Someone needs to explain this to Rory McIlroy.
That’s because McIlroy didn’t just win on Sunday, didn’t just win his second straight title, didn’t just win his second straight title by tapping in a straightforward par putt on the final hole to cruise into a trophy ceremony.
No, he didn’t just win. He won easy.
There was a sweet poetry to this latest triumph, like a classical music composer presiding over a brilliant symphony. After rounds of 69-64-66 to open his WGC-Bridgestone Invitational campaign, McIlroy started with three birdies in the final frame and basically put things into cruise control from there, his mammoth drives off the tee helping alleviate all of the pressure that usually follows a player in that situation.
For fellow players who have dreams of winning major championships and other big-time events against their 25-year-old wunderkind peer, the scary part isn’t even that it looked easy.
It’s that he’s making a habit of this.
“It felt normal,” McIlroy explained after the two-stroke victory. “It's never effortless. You're trying hard out there. You're trying not to make it look like you're trying hard. … [But] if I can keep making it look effortless, then that's a good thing.”
There are plenty of good things going on with his game right now – and most of them start with a driver in his hand.

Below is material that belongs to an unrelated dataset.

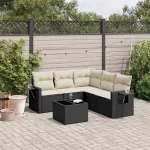Set mobilier de grădină cu perne, 6 piese, negru, poliratan GartenMobel Dekor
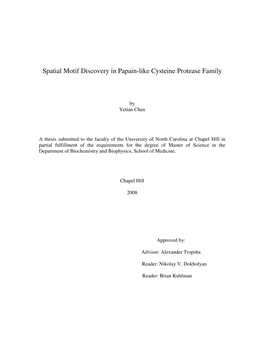 Spatial Motif Discovery in Papain-Like Cysteine Protease Family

Not exactly a muscular behemoth, McIlroy led the field in driving distance at Firestone South, averaging 315.4 yards per drive on Thursday, 321.6 on Friday, 320.1 on Saturday and 313.6 on Sunday. It takes a little gallows humor to suggest he was obviously taking a conservative approach in the final round.
Again, golf is never easy, but the game does become decidedly less complicated when hitting the ball such prodigious lengths leads to hitting it shorter distances into the greens.
That novelty hasn’t been lost on McIlroy.
“The longer the club, the harder it is to hit,” he surmised. “So if you're hitting arguably the hardest club in your bag to hit that well, then the other stuff should sort of fall in line or fall into place. I feel like that's what's sort of happened.
“Whenever I drive the ball well, I always put myself in positions where I can attack flags and try and make birdies. When I'm swinging it well with a driver, that sort of funnels through the rest of my game.”
If this sounds like a familiar refrain, there’s a reason. Right around the turn of the century, Tiger Woods had a knack for breaking the game down to its simplest elements and creating an aura that couldn’t be touched when he had his best stuff.
McIlroy certainly isn’t at that level yet, but he’s starting to show some flashes of it. After the win, he was careful not to compare himself to Woods, but acknowledged that he’s searching for that sort of influence.
“I grew up watching Tiger dominate in this tournament and dominate pretty much everywhere else he played,” he said. “I dreamed of one day trying to do something like that.”
He’s doing it now. He’s making the difficult look easy, making the complex look simple.
It won’t always be this way for McIlroy, of course. But he’s got momentum on his side. His best performance is a step above everybody else’s best performance.
And he’s doing it all so effortlessly.
“That's sort of what's going on at the minute,” he said with a smile. “I'm going to try to keep doing it for as long as possible because it's working pretty well.”